An der Belastungsgrenze Kollaps bei den Kinder-Notdiensten

Saarbrücken/Saarlouis/Neunkirchen · Die drei Bereitschaftsdienst-Praxen in Neunkirchen, Saarlouis und Saarbrücken kommen an ihre Belastungsgrenze.

 Wer mit einem kranken Kind am Wochenende in eine saarländische Bereitschaftsdienst-Praxis fährt, muss derzeit mit mehrstündigen Wartezeiten rechnen.

Wer mit einem kranken Kind am Wochenende in eine saarländische Bereitschaftsdienst-Praxis fährt, muss derzeit mit mehrstündigen Wartezeiten rechnen.

Foto: Sven Hoppe/dpa/Sven Hoppe

(ko) Die saarländischen Kinder- und Jugendärzte schlagen Alarm. Der Grund: Die drei Bereitschaftsdienst-Praxen in der Marienhausklinik St. Josef Kohlhof in Neunkirchen, im Klinikum Saarbrücken und im Marienhausklinikum Saarlouis platzen derzeit wegen einer Erkältungswelle an den Wochenenden aus allen Nähten. „Das sind Notfall-Dienste, und Eltern sollten diese mit ihren Kindern auch wirklich nur im Notfall aufsuchen“, appelliert Dr. Karl Stiller, Landesvorsitzender des Berufsverbandes der Kinder- und Jugendärzte an die Eltern. In den drei Notdienst-Zentralen, von denen jede in der Regel am Wochenende um die 60 kleine Patienten am Tag behandele, seien am vergangenen Wochenende zwischen acht und 20 Uhr teilweise bis zu 150 Kranke gezählt worden. „Das sind mehr als zehn Patienten pro Stunde. Das Personal kommt an seine Belastungsgrenze“, sagt Stiller. Zumal die niedergelassenen Kinderärzte, die mit ihrem Praxispersonal den Bereitschaftsdienst in den drei Kliniken besetzen, aktuell selbst mit krankheitsbedingten Ausfällen zu kämpfen hätten. „Es ist auch aus Eigenschutz sinnvoll, die Notdienste für Kinder nur dann aufzusuchen, wenn wirklich ein Notfall vorliegt, und die Kinder ansonsten besser montags in der Kinderarztpraxis untersuchen zu lassen“, erklärt Stiller. Denn die Gefahr, sich mit anderen Erregern bei einer unter Umständen mehrstündigen Wartezeit in einer überfüllten Ambulanz anzustecken, sei extrem hoch.

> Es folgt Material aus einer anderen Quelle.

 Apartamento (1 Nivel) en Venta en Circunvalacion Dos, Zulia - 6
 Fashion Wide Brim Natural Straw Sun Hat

In diesem Zusammenhang appelliert der Mediziner auch an Eltern, Kindern während und nach einer Erkrankung genug Ruhe zu gönnen. Er höre immer wieder, dass „noch halb kranke Kinder“ Gemeinschaftseinrichtungen wie Kitas oder Schulen besuchten. „Je nach Infekt braucht das Kind einfach eine längere Auszeit.“

Etwa bei einer Grippe. Hier verzeichnen die Kinder- und Jugendärzte im Saarland in den vergangenen beiden Wochen einen Anstieg der Erkrankungen. Eine Beobachtung, die sich mit den Zahlen des Robert Koch-Instituts (RKI) in Berlin, des Klinikums Saarbrückens und des Universitätsklinikums des Saarlandes in Homburg deckt – auch bei den erkrankten Erwachsenen. Demnach wurden in der siebten Kalenderwoche für das Saarland und Rheinland-Pfalz 1300 bestätigte Grippe-Fälle gemeldet, in der fünften Kalenderwoche waren es noch 800 gewesen. „Wir sind in der Gipfelphase“, sagt RKI-Sprecherin Susanne Glasmacher. Eine Einschätzung, die Dr. Josef Mischo, Präsident der Ärztekammer des Saarlandes, teilt. Er spricht von einem „absoluten Hoch“. „Wie lange die aktuelle Grippesaison dauert, kann man nicht vorhersagen“, ergänzt Dr. Gunter Hauptmann, Vorsitzender des Vorstandes der Kassenärztlichen Vereinigung Saarland.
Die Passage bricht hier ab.